------ Material provided ------

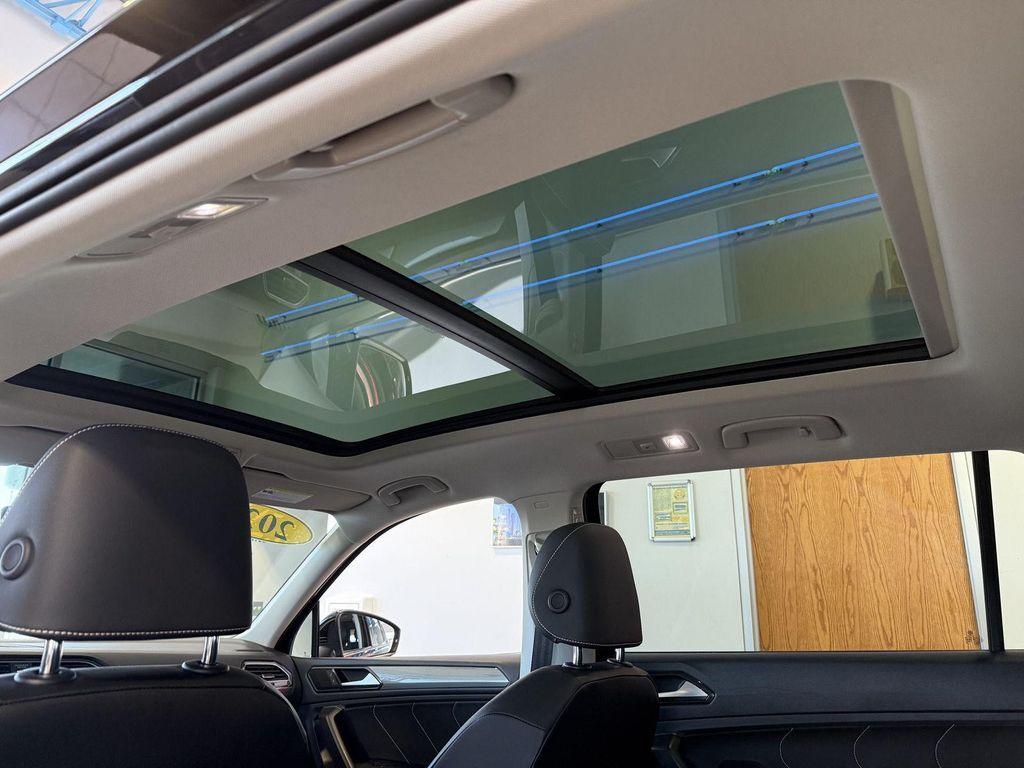 used 2022 Volkswagen Tiguan car, priced at $24,691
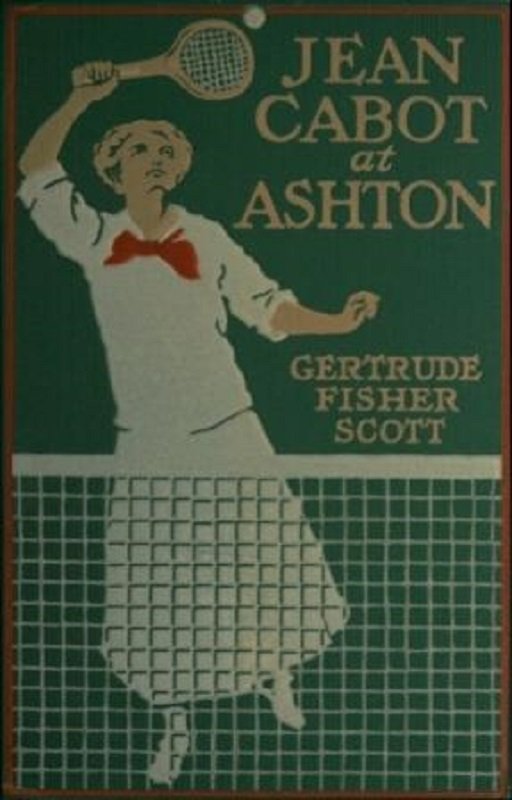 Jean Cabot at Ashton cover
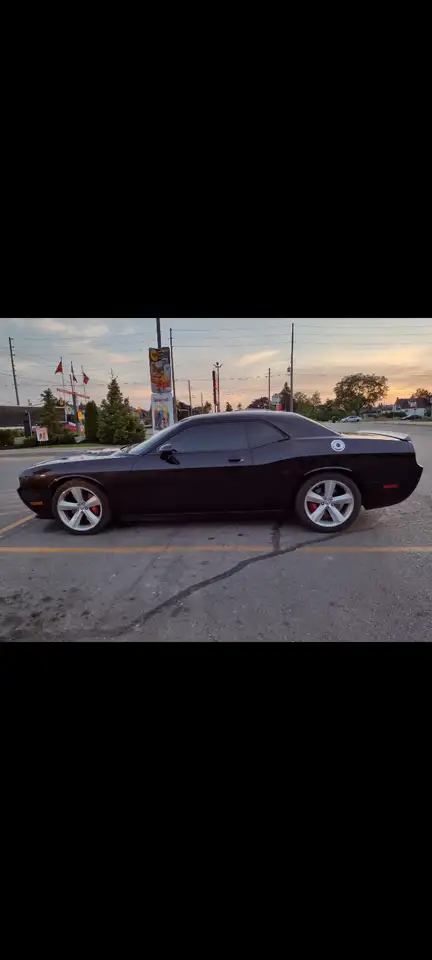 2008 Dodge Challenger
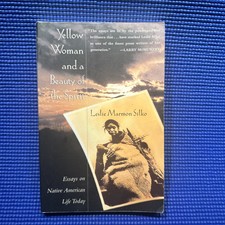 Yellow Woman and a Beauty of the Spirit by Leslie Marmon Silko (1997, Trade...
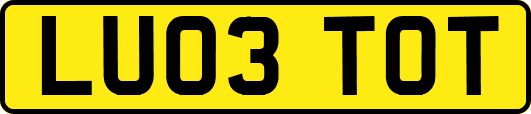 LU03TOT
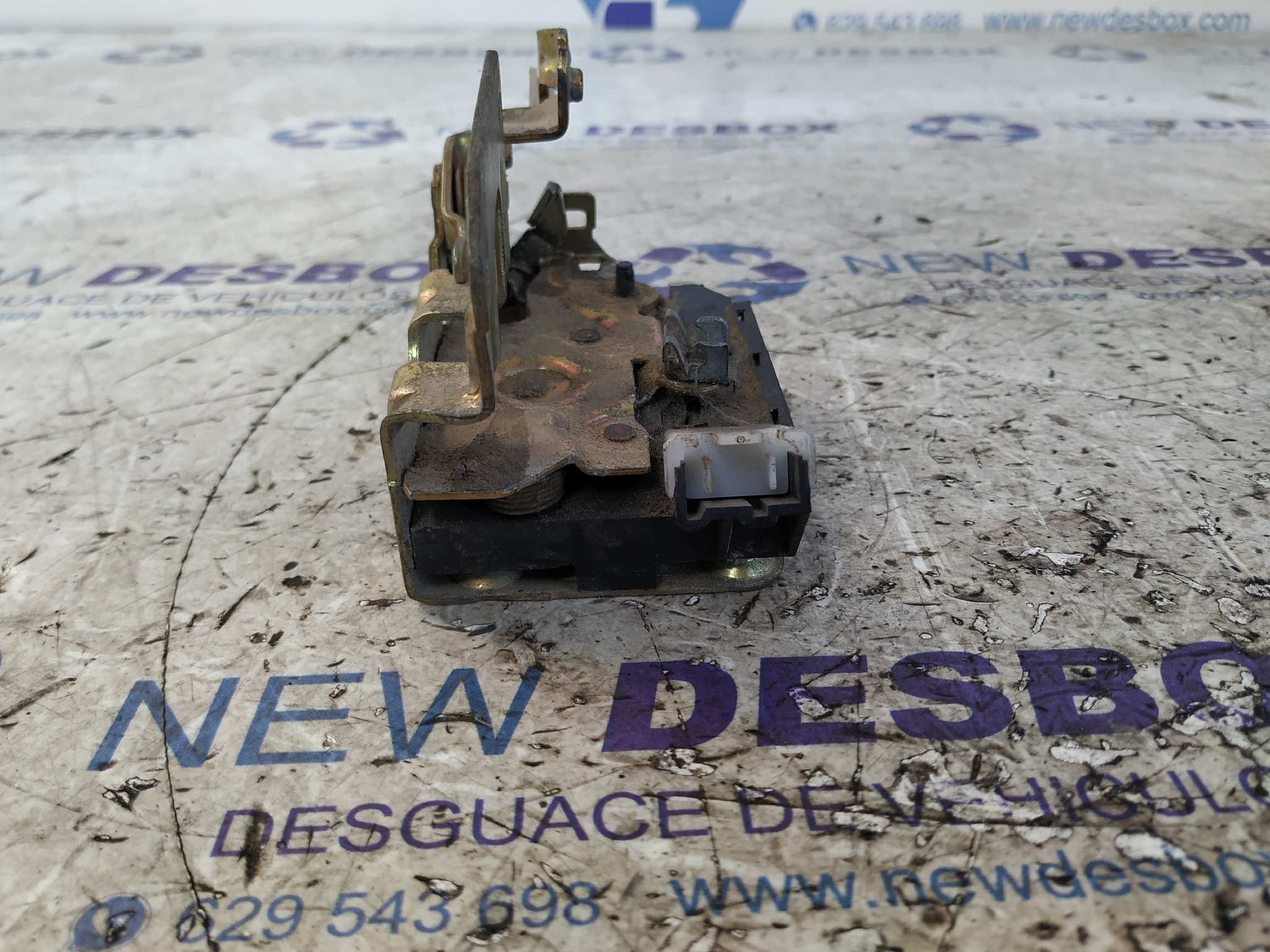 CERRADURA PUERTA TRASERA IZQUIERDA RENAULT 21 BERLINA (B/L48) - vista 3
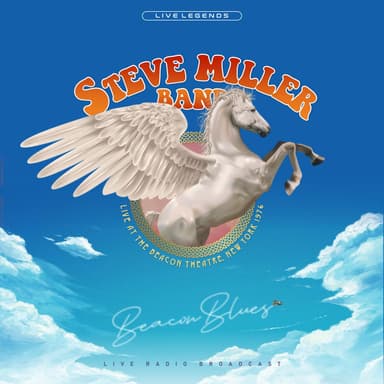 Steve Miller Band - Beacon Blues (vihreä vinyyli 180 grammaa)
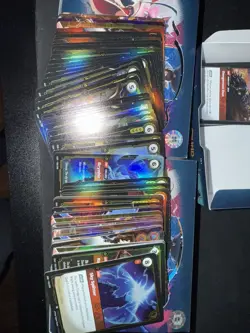 Riftbound League Of Legends - ENG Card Bulk Lot Commons, Uncommons, Rares, Foils - Image 3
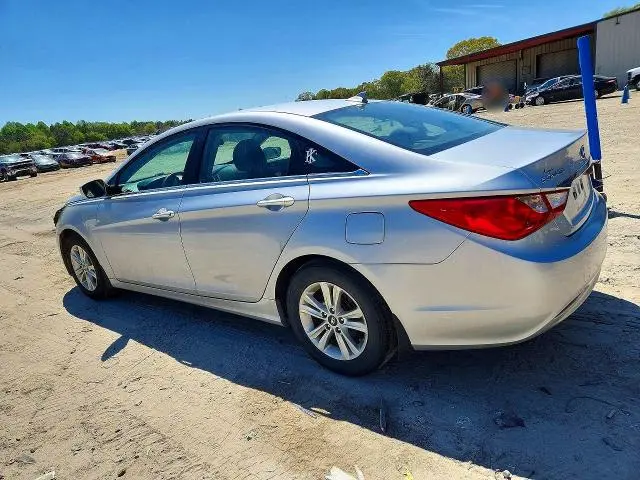 2012 HYUNDAI SONATA GLS  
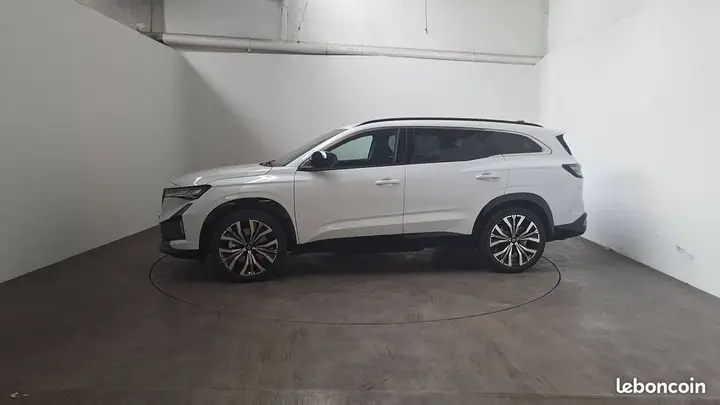 Renault Espace 2026 photo 3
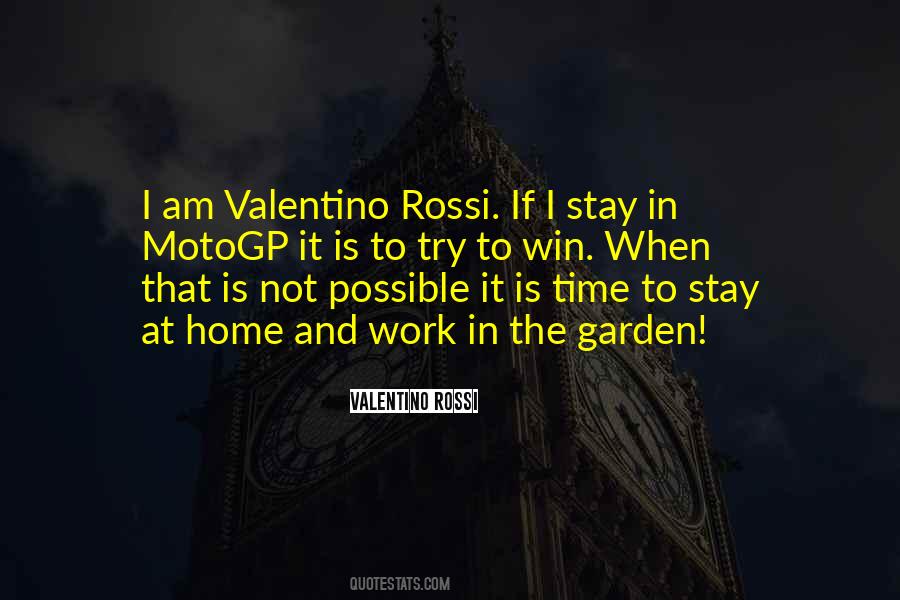 Valentino Rossi Quotes #534440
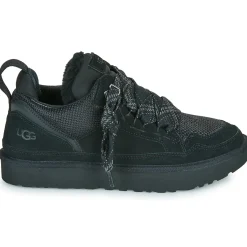 Baskets Mode^UGG - LOWMEL Noir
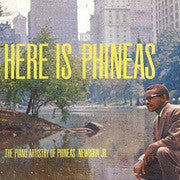 Phineas Newborn Jr. : Here Is Phineas · The Piano Artistry Of Phineas Newborn Jr. (HDCD, Album, RE)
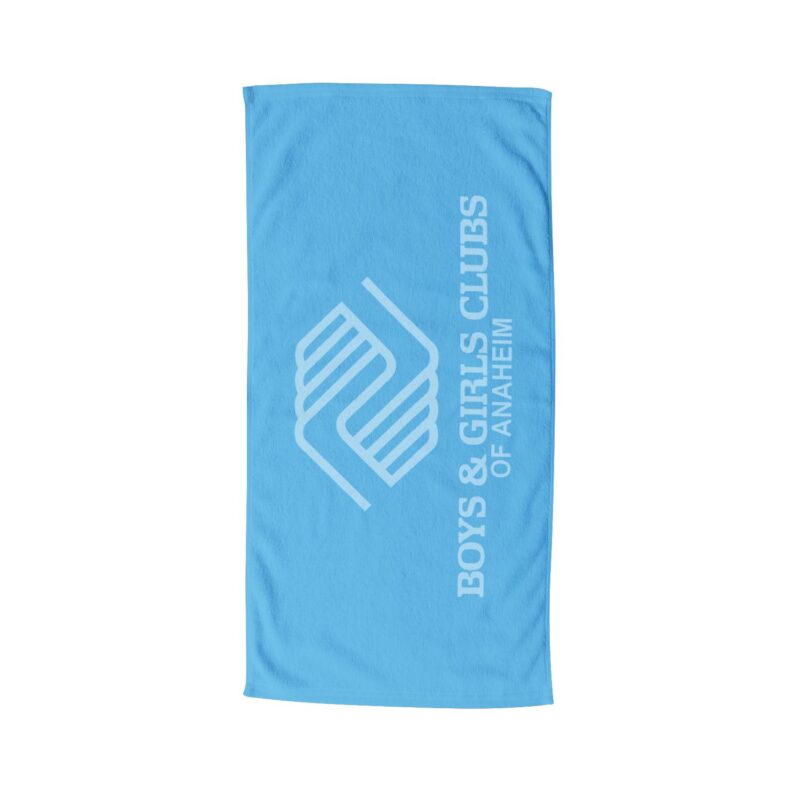 Coastal Beach Towel - 8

------

When you copy the entries above, keep every word exactly and omit the images.

**Answer to the exercise**.
 used 2022 Volkswagen Tiguan car, priced at $24,691
 Jean Cabot at Ashton cover
 2008 Dodge Challenger
 Yellow Woman and a Beauty of the Spirit by Leslie Marmon Silko (1997, Trade...
 LU03TOT
 CERRADURA PUERTA TRASERA IZQUIERDA RENAULT 21 BERLINA (B/L48) - vista 3
 Steve Miller Band - Beacon Blues (vihreä vinyyli 180 grammaa)
 Riftbound League Of Legends - ENG Card Bulk Lot Commons, Uncommons, Rares, Foils - Image 3
 2012 HYUNDAI SONATA GLS  
 Renault Espace 2026 photo 3
 Valentino Rossi Quotes #534440
 Baskets Mode^UGG - LOWMEL Noir
 Phineas Newborn Jr. : Here Is Phineas · The Piano Artistry Of Phineas Newborn Jr. (HDCD, Album, RE)
 Coastal Beach Towel - 8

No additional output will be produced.